Janssen, M. 2012. “Lexical Gaps”. The Encyclopedia of Applied Linguistics.
This question is pretty easy to answer about emoji– we can just find out what words people are most likely to use when they’re complaining about not being able to use emoji. There’s even a Twitter bot that collects these kind of tweets. I decided to do something similar, but with a twist. I wanted to know what kinds of emoji people complain about wanting the most.
Boring technical details 💤
- Yesterday, I grabbed 4817 recent tweets that contained both the words “no” and “emoji”. (You can find the R script I used for this on my Github.)
- For each tweet, I took the two words occurring directly in front of the word “emoji” and created a corpus from them using the tm (text mining) package.
- I tidied up the corpus–removing super-common words like “the”, making everything lower-case, and so on. (The technical term is “cleaning“, but I like the sound of tidying better. It sounds like you’re getting comfy with your data, not delousing it.)
- I ranked these words by frequency, or how often then showed up. There were 1888 distinct words, but the vast majority (1280) showed up only once. This is completely normal for word frequency data and is modelled by Zipf’s law.
- I then took all words that occurred more than three times and did a content analysis.
Exciting results! 😄
At the end of my content analysis, I arrived at nine distinct categories. I’ve listed them below, with the most popular four terms from each. One thing I noticed right off is how many of these are emoji that either already exist or are in the Unicode update. To highlight this, I’ve italicized terms in the list below that don’t have an emoji.

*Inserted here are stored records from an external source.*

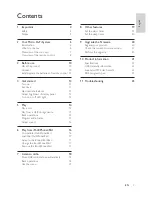 Preview for 3 page of Philips Harmony DCB8000 User Manual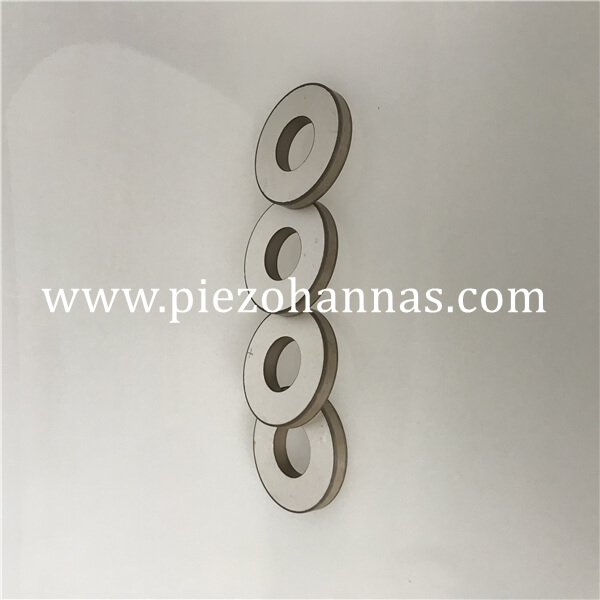 medical piezo rings piezoelectric light sensor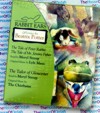 Rabbit Ears - Stories by Beatrix Potter AudioBook CD - read by Meryl Streep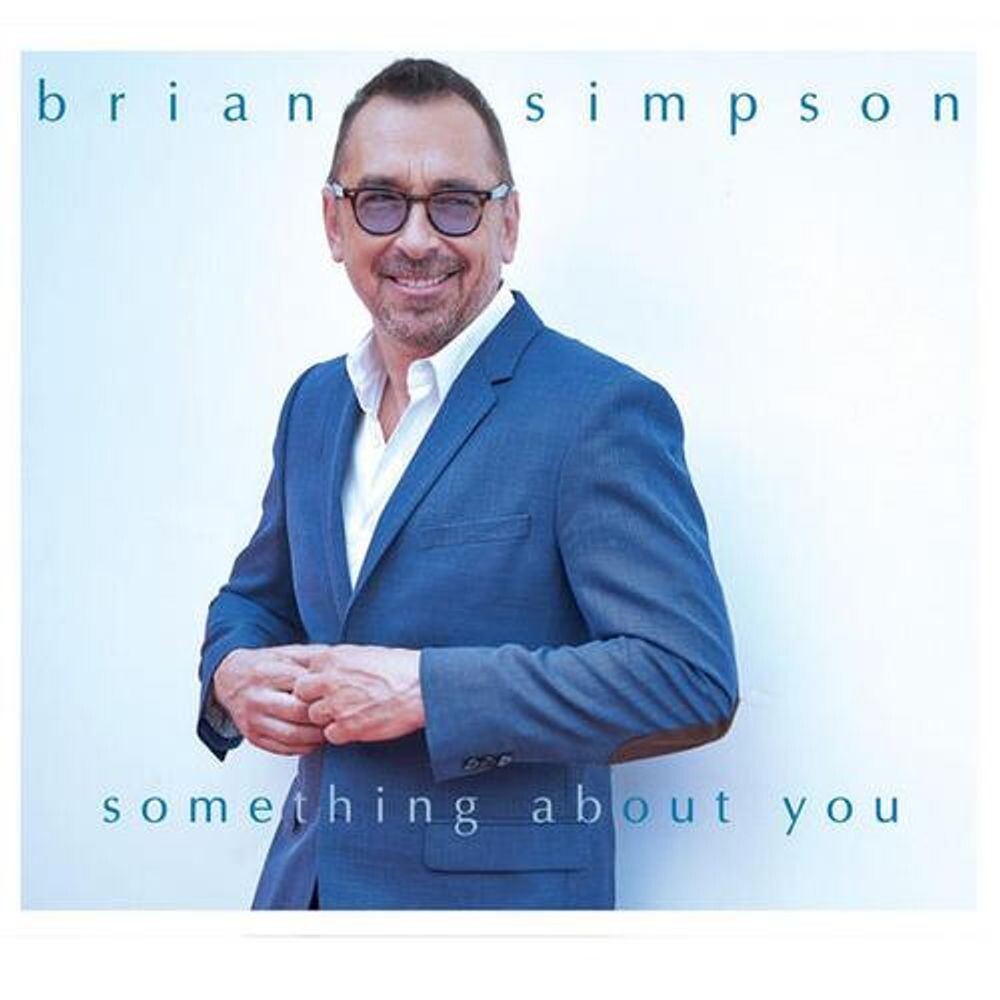 

Диск CD Something About You - Brian Simpson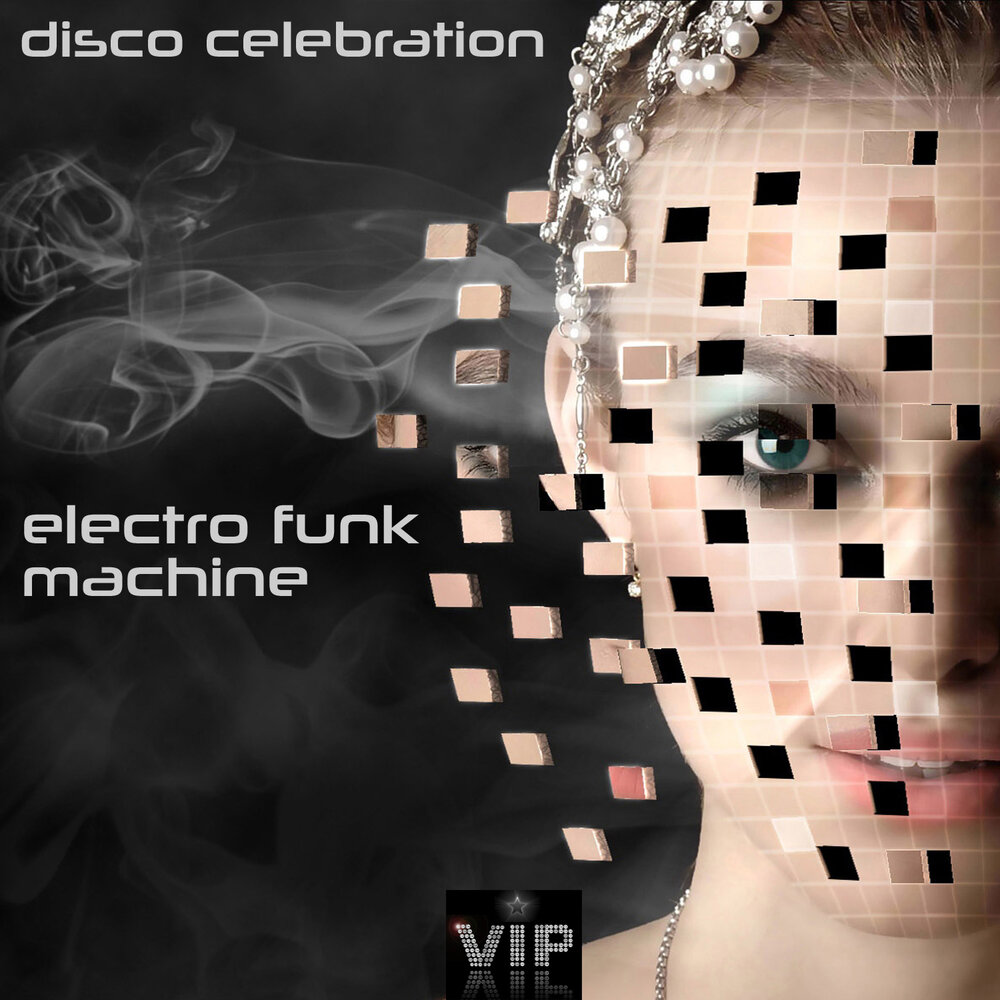 Электро диско. Electro Funk. POINTHITS & DJ Electro Funk. Celebrate Disco 2008. Celebration - 1979 - Disco Celebration.
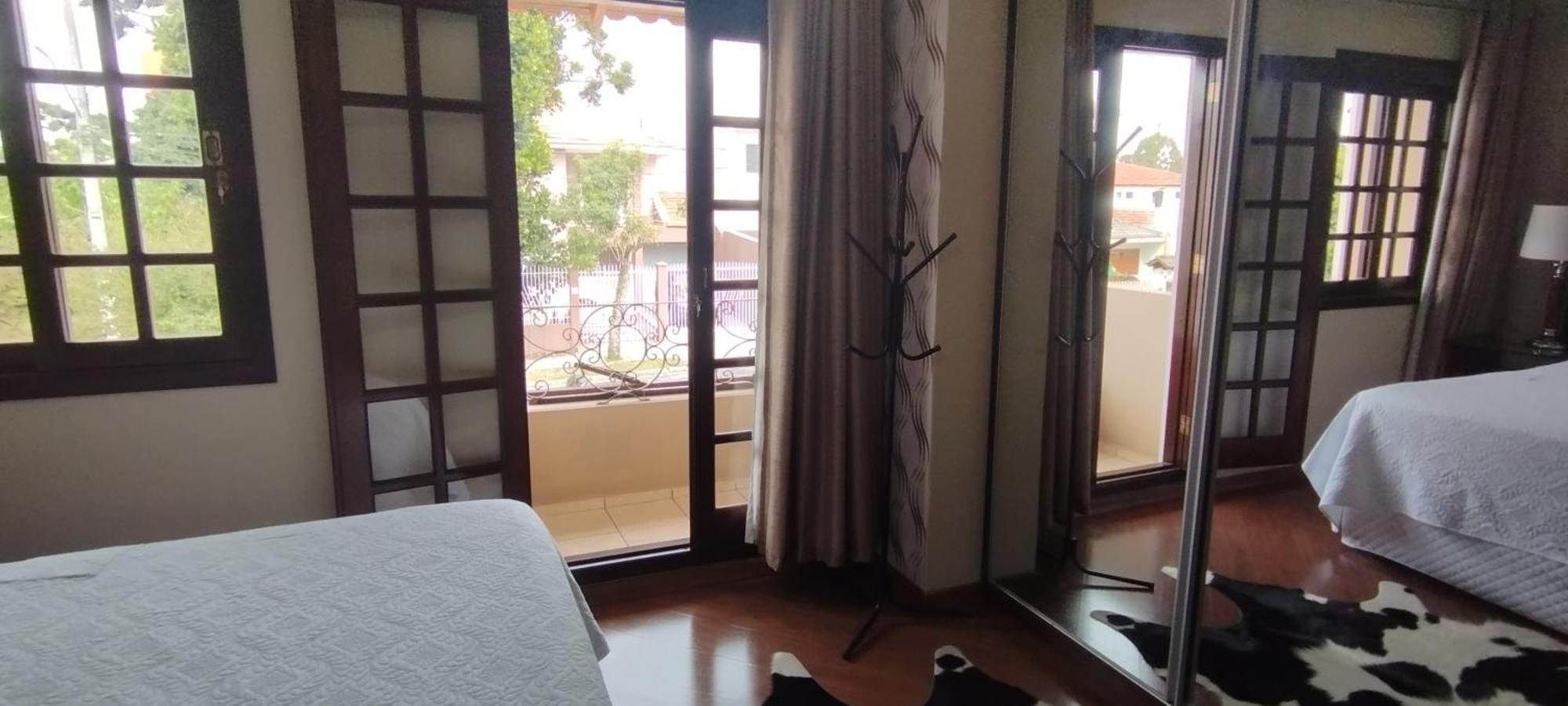 Pousada Da Paz Curitiba Exteriör bild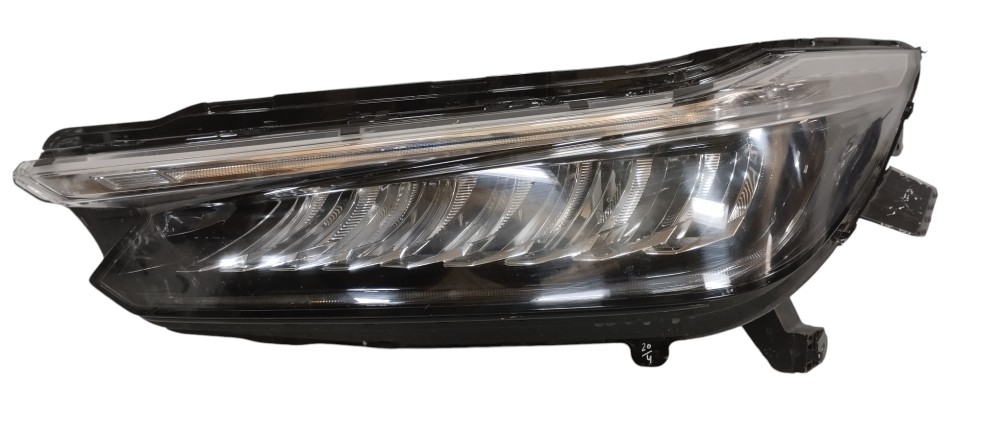 Farol Lado Esquerdo Honda City 2022 A 2024 Full Led P/ Recup Esquerdo 1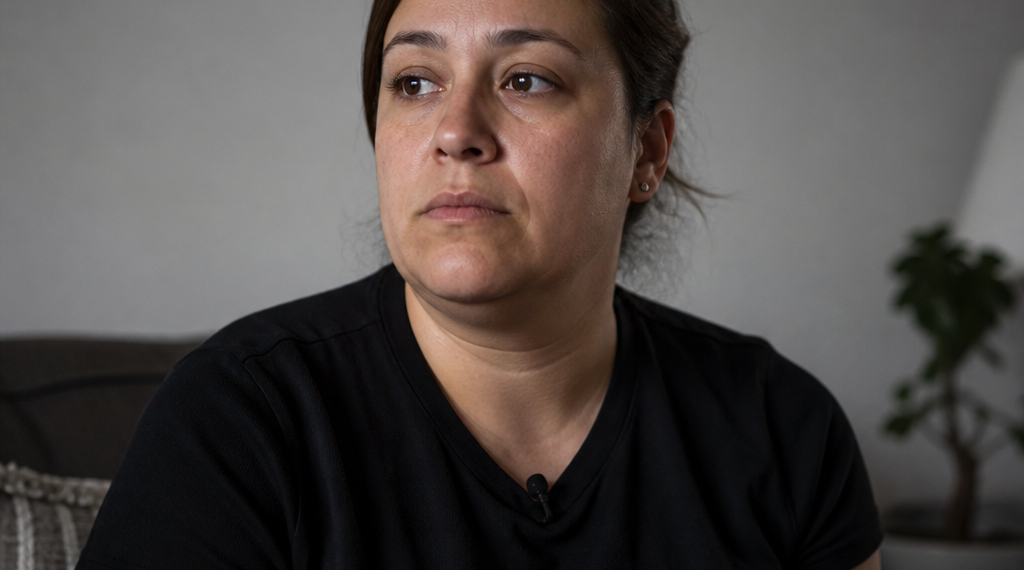 Una argentina relata su aterrador paso por el ICE: ‘Es un negocio. Cuanto más gastás, más tiempo te tienen detenido’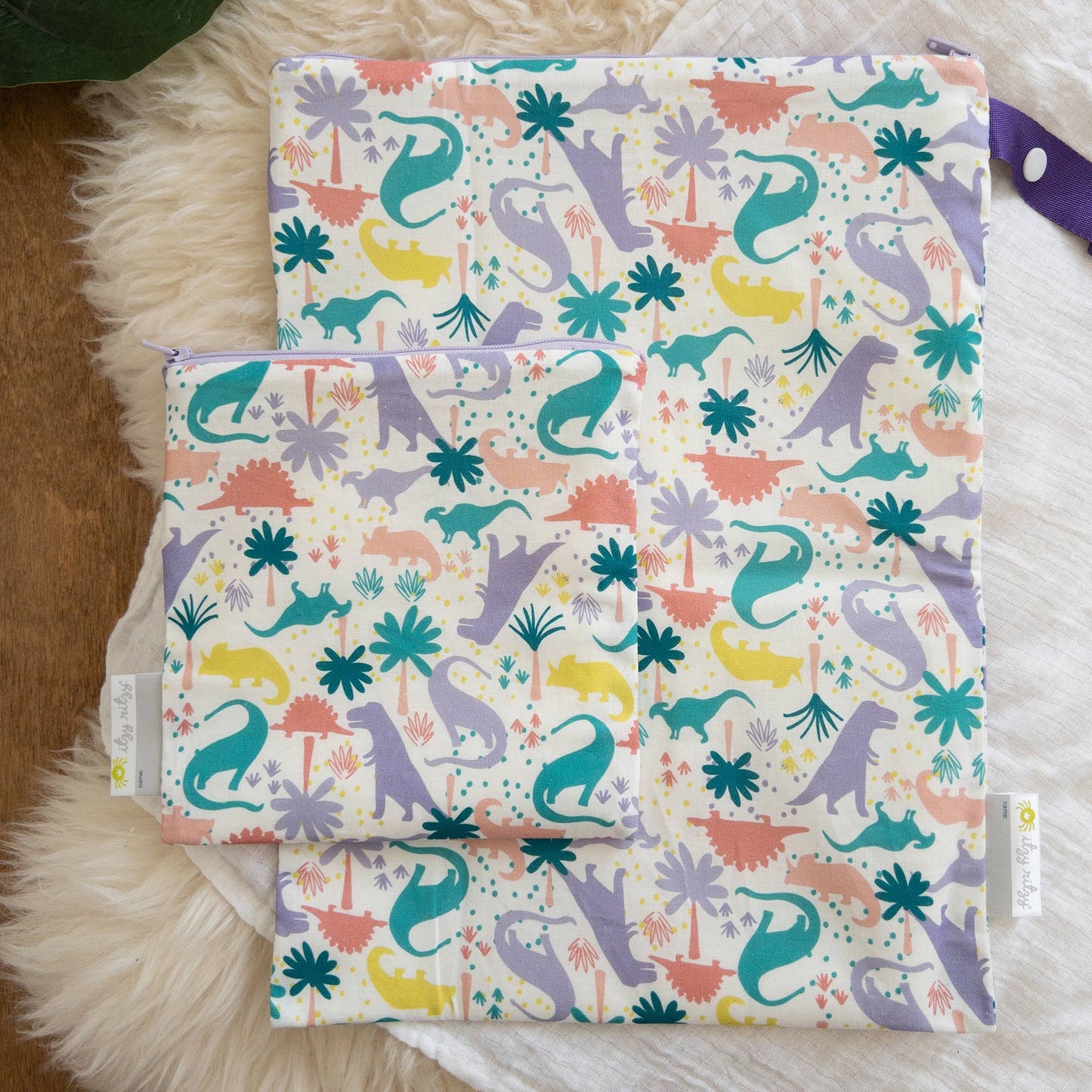 Reusable Snack & Everything Bags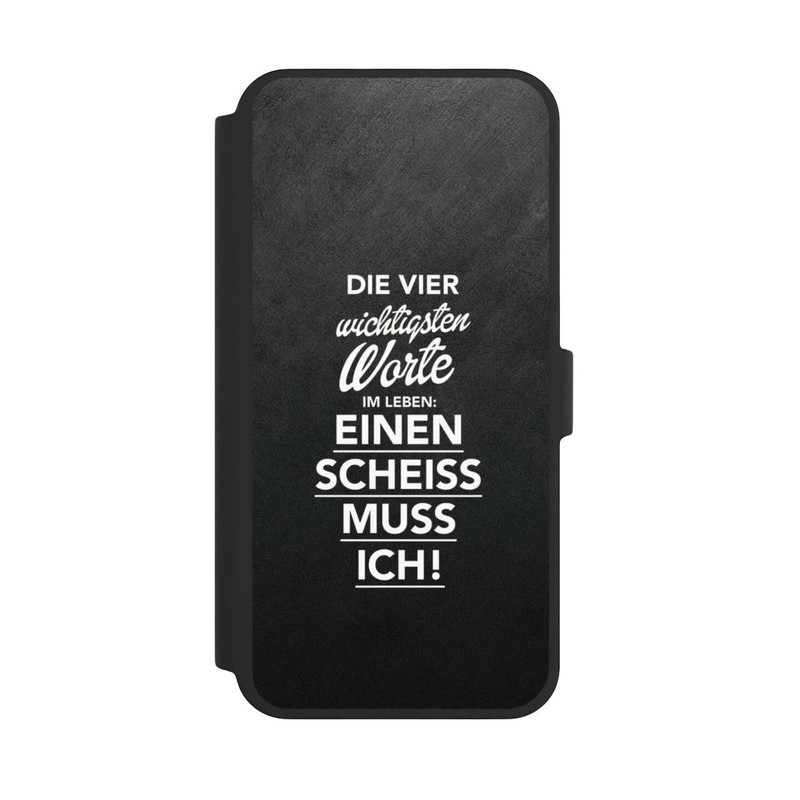 iPhone 16 Pro Max NIVOflip Wichtige Worte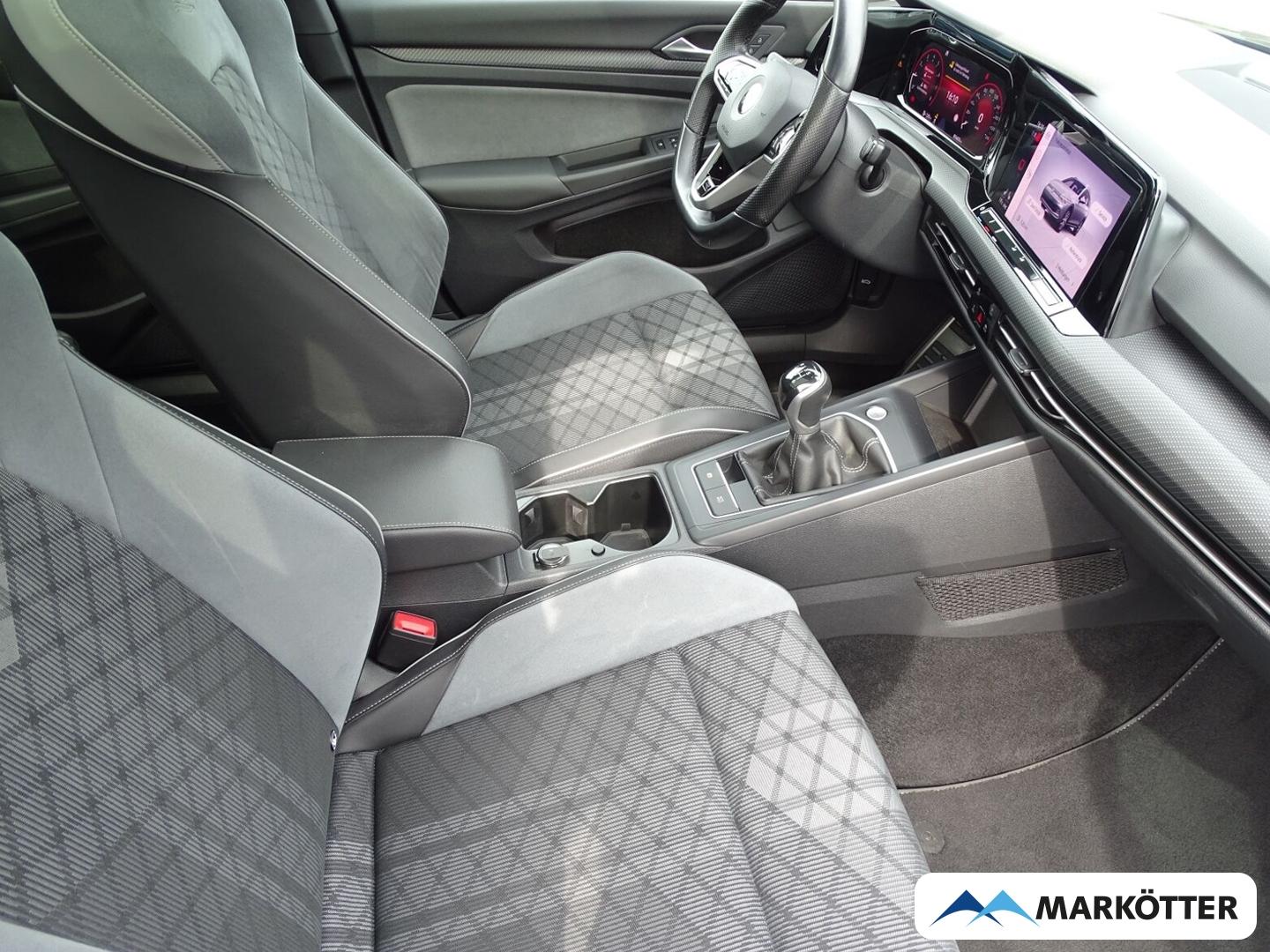 Volkswagen Golf VIII Variant R-Line/SHZ/LHZ/ACC/LED, миниатюра 14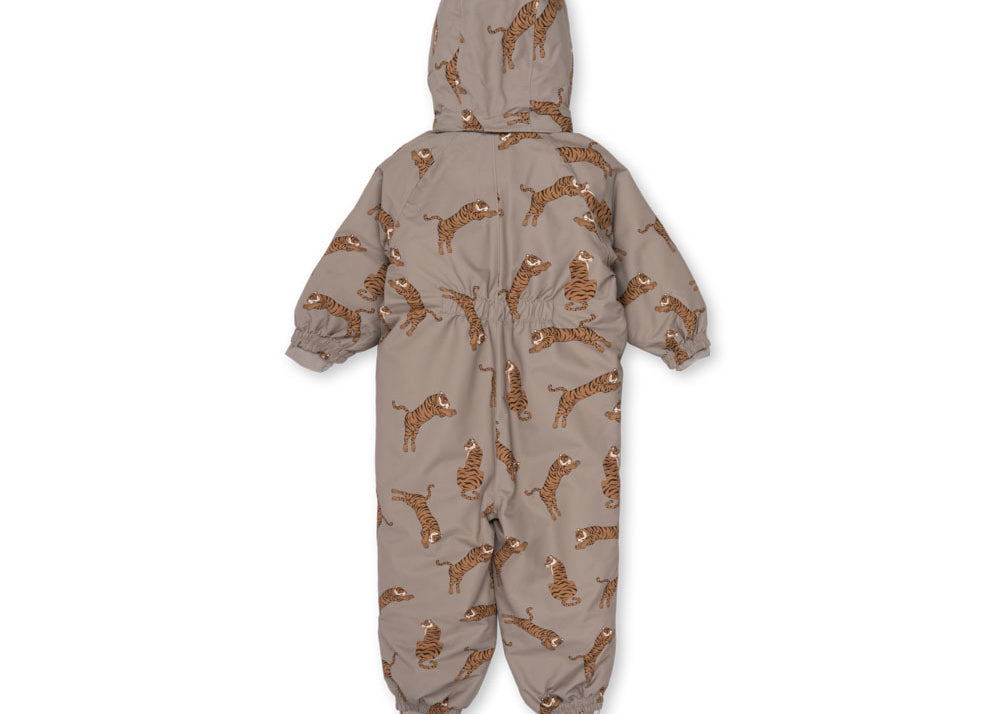 Konges Sløjd A/S Sneeuwkleding tiger oak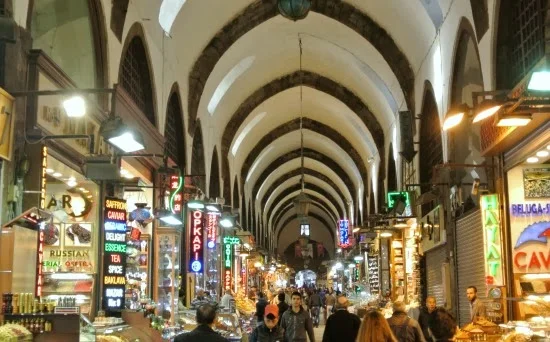 Istanbul dag 4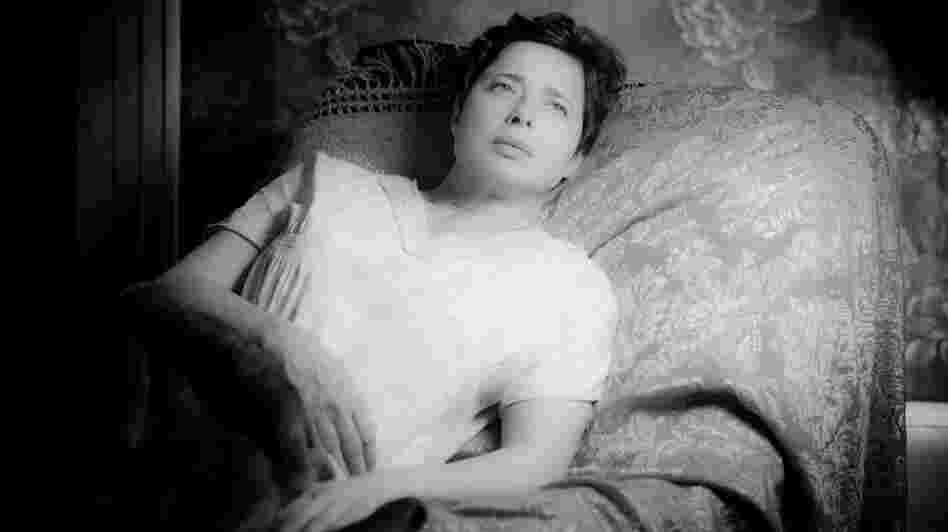 Isabella Rossellini plays Hyacinth, the late (but still remarkably vital) wife of Ulysses in Guy Maddin's multilayered drama Keyhole. Isabella Rossellini plays Hyacinth, the late (but still remarkably vital) wife of Ulysses in Guy Maddin's multilayered drama Keyhole.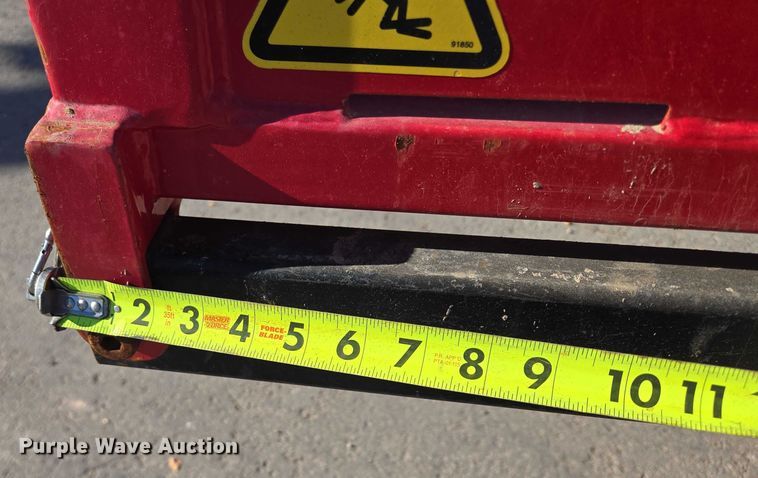 image for item DY1266 2017 MEC Crossover 2659 ERT scissor lift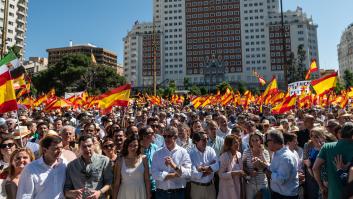 Siete manifestaciones, ¿mismo resultado?: Feijóo convoca a 'la familia' por enésima vez en Madrid contra Pedro Sánchez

- animal: shark, giraffe, butterfly, duck
- color: orange, red, white, green
- face: crying, angry, love, hate
- (facial) feature: mustache, redhead, beard, glasses
- flag: flag, England, Welsh, pride
- food: bacon, avocado, salt, carrot
- gesture: peace, finger, middle, crossed
- object: rifle, gun, drum, spoon
- person: mermaid, pirate, clown, chef
(One note: the rifle is in unicode 9.0, but isn’t an emoji. This has been the topic of some discussion, and is probably why it’s so frequent.)
Based on these categories, where are the lexical gaps? The three categories that have the most different items in them are, in order 1) food, 2) animals and 3) objects. These are also the three categories with the most mentions across all items.
So, given that so many people are talking about emojis for animals, food and objects, why aren’t the bulk of emojis in these categories? We can see why this might be by comparing how many different items get mentioned in each category to how many times each item is mentioned.
As you can see from the figure above, the most popular categories have a lot of different things in them, but each thing is mentioned relatively rarely. So while there is an impassioned zebra emoji fanbase, it only comes up three times in this dataset. On the other hand, “red” is fairly common but shows up because of discussion of, among other things, flowers, shoes and hair color. Some categories, like flags, fall in a happy medium–lots of discussion and fairly few suggestions for additions.
Based on this teeny data set, I’d say that if the Unicode consortium continues to be in charge of putting emoji standardization it’ll have its hands full for quite some time to come. There’s a lot of room for growth, and most of it is in food, animals and objects, which all have a lot of possible items, rather than gestures or facial expressions, which have much fewer.